RECORDS TO USE |
##########

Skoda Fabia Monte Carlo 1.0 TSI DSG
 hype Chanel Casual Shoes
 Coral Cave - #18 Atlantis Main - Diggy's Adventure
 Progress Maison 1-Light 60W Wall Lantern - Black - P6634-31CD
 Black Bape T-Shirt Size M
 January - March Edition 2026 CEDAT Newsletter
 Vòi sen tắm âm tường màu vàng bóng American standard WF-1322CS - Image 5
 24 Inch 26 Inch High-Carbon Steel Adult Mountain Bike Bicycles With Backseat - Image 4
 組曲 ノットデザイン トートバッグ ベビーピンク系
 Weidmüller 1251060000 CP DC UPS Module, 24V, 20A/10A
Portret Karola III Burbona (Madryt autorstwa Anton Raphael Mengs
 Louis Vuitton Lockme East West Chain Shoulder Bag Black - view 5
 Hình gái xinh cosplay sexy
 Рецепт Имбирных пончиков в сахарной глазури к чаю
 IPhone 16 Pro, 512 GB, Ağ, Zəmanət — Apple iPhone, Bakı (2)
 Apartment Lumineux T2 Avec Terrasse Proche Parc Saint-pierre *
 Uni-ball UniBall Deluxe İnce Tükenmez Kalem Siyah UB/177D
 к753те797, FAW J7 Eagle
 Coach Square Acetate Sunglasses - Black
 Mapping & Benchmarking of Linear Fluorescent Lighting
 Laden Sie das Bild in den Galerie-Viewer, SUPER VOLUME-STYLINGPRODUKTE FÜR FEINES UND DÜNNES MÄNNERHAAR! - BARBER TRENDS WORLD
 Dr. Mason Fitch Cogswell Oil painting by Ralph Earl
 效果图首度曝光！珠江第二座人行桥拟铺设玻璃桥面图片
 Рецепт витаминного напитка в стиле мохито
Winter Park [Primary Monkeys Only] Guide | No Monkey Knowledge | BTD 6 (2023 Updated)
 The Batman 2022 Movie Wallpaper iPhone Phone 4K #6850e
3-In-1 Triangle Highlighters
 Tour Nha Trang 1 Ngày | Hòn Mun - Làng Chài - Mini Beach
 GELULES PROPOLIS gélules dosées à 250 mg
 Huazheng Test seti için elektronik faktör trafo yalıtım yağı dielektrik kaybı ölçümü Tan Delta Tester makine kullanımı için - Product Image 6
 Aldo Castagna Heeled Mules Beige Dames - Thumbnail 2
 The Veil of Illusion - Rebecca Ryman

##########

WORK REQUEST | After locating the line with "Coach Square Acetate Sunglasses - Black", please repeat it and every line after it exactly, through the end of the data above.

OUTPUT BELOW |
 Coach Square Acetate Sunglasses - Black
 Mapping & Benchmarking of Linear Fluorescent Lighting
 Laden Sie das Bild in den Galerie-Viewer, SUPER VOLUME-STYLINGPRODUKTE FÜR FEINES UND DÜNNES MÄNNERHAAR! - BARBER TRENDS WORLD
 Dr. Mason Fitch Cogswell Oil painting by Ralph Earl
 效果图首度曝光！珠江第二座人行桥拟铺设玻璃桥面图片
 Рецепт витаминного напитка в стиле мохито
Winter Park [Primary Monkeys Only] Guide | No Monkey Knowledge | BTD 6 (2023 Updated)
 The Batman 2022 Movie Wallpaper iPhone Phone 4K #6850e
3-In-1 Triangle Highlighters
 Tour Nha Trang 1 Ngày | Hòn Mun - Làng Chài - Mini Beach
 GELULES PROPOLIS gélules dosées à 250 mg
 Huazheng Test seti için elektronik faktör trafo yalıtım yağı dielektrik kaybı ölçümü Tan Delta Tester makine kullanımı için - Product Image 6
 Aldo Castagna Heeled Mules Beige Dames - Thumbnail 2
 The Veil of Illusion - Rebecca Ryman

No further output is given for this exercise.